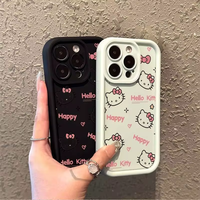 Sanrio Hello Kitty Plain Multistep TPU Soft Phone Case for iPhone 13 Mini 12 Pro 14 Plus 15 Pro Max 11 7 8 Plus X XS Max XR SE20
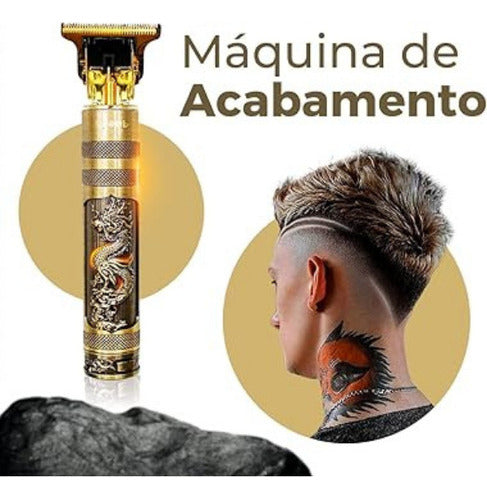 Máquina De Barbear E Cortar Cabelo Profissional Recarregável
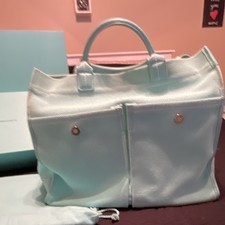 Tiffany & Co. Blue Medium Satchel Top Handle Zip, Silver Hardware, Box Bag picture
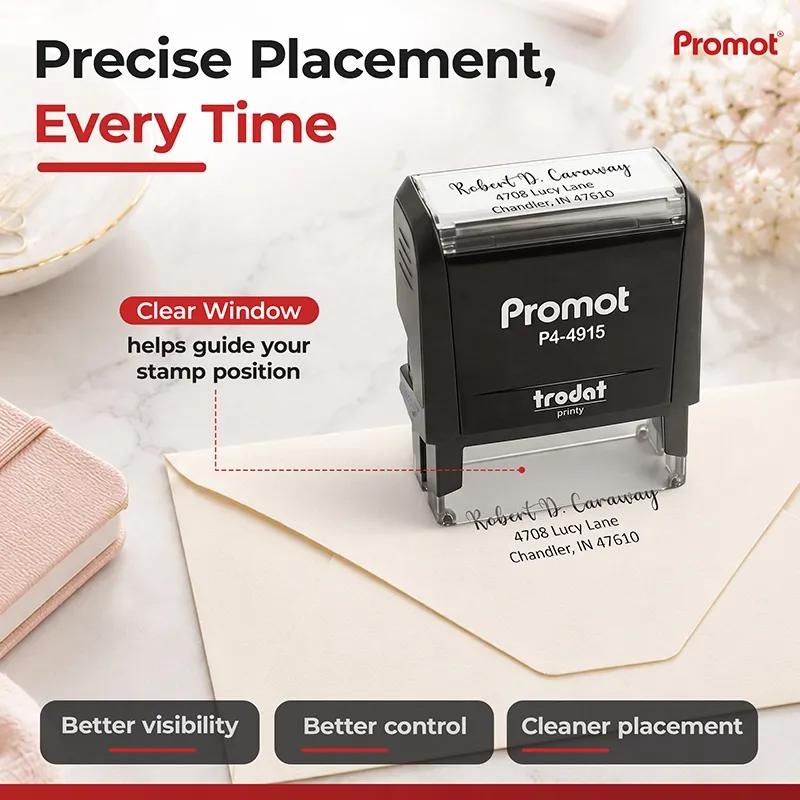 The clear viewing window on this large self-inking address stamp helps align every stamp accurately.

---

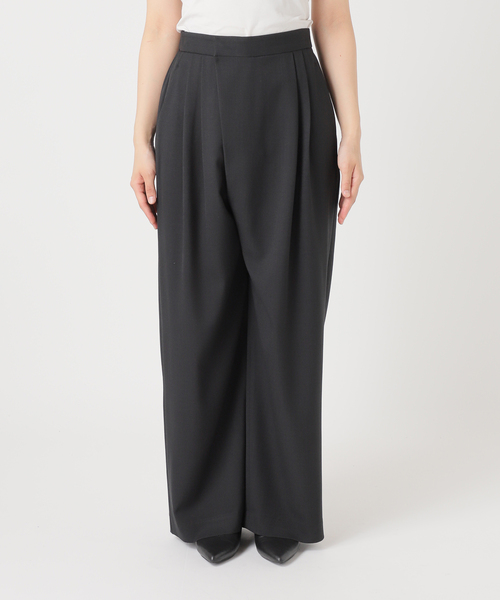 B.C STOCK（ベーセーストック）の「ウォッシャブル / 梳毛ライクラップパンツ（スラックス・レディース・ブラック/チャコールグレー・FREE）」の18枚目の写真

**Exercise details**
Where a picture appears in the records above, omit it, and transcribe exactly the stretch of lines from the one with "Tiffany & Co." through the one with "The clear viewing".

**Output of the exercise**
 Tiffany & Co. Blue Medium Satchel Top Handle Zip, Silver Hardware, Box Bag picture
 The clear viewing window on this large self-inking address stamp helps align every stamp accurately.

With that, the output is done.